Задания были нелегкими: отвезти детей железнодорожников в санаторий под Ленинградом или тяжелобольного на консультацию. Я бралась за все.
С больными детьми в дороге приходилось туго. Поднять и снять с полок, вывести строем погулять на больших станциях, покормить… Кто-то из ребят постарше убегал, прятался, а поезд вот-вот должен был отойти. Нередко пассажиры, сочувствуя мне, принимали участие в розыске детей, увещеваниях, уговаривали: «Поспите часок!»
Мне, и правда, начинало казаться, что мало-помалу я возвращаюсь в реальное сегодня страны.
Главным в Ленинграде было повидать сестру. Мне все в ней нравилось: улыбка, походка. Я верила, что растоплю ее ледок по отношению к себе.

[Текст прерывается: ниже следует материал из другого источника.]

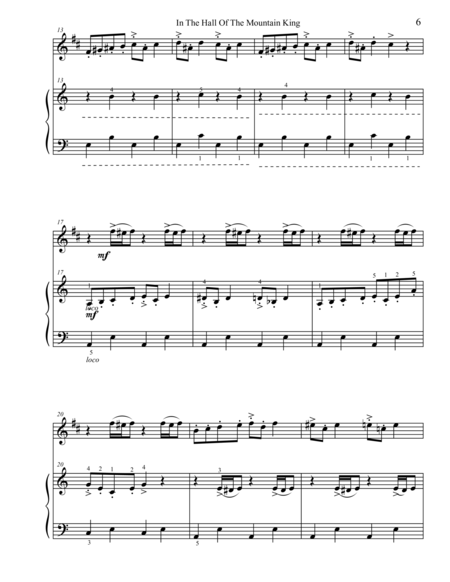 Classical Duets For Clarinet Piano In The Hall Of The Mountain King Page 2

В одном из разговоров Валечка ответила на несколько вопросов:
— Да. Люблю одного человека.
— А он?
— И он меня любит.
— Кто он, Валечка? Живет в Ленинграде?
— Нет, в Москве.
— Вы собираетесь пожениться?
— Нет.
— Почему? Сестра замолчала.
— Ты не сказала, где он работает. Кто он?
— Служит в войсках МВД. В охране Кремля.
Вот оно что! Вот в чем дело! Все это время сестра подавляла в себе… Горечь? Досаду? Или более определенное и сильное чувство? Шутка ли: невеста охраняющего Кремль человека имеет родную сестру, отсидевшую семь лет по политической статье!
Перенесшая блокаду, мобилизованная из детдома на рытье газопровода, проживающая в общежитии на тычке, сестра не могла быть счастливой из-за меня! Новая проблема.
Подсказать, как устраниться из биографии сестры, не быть ей помехой, может, подумала я, сам Аркадий (так звали жениха сестры). Написала ему.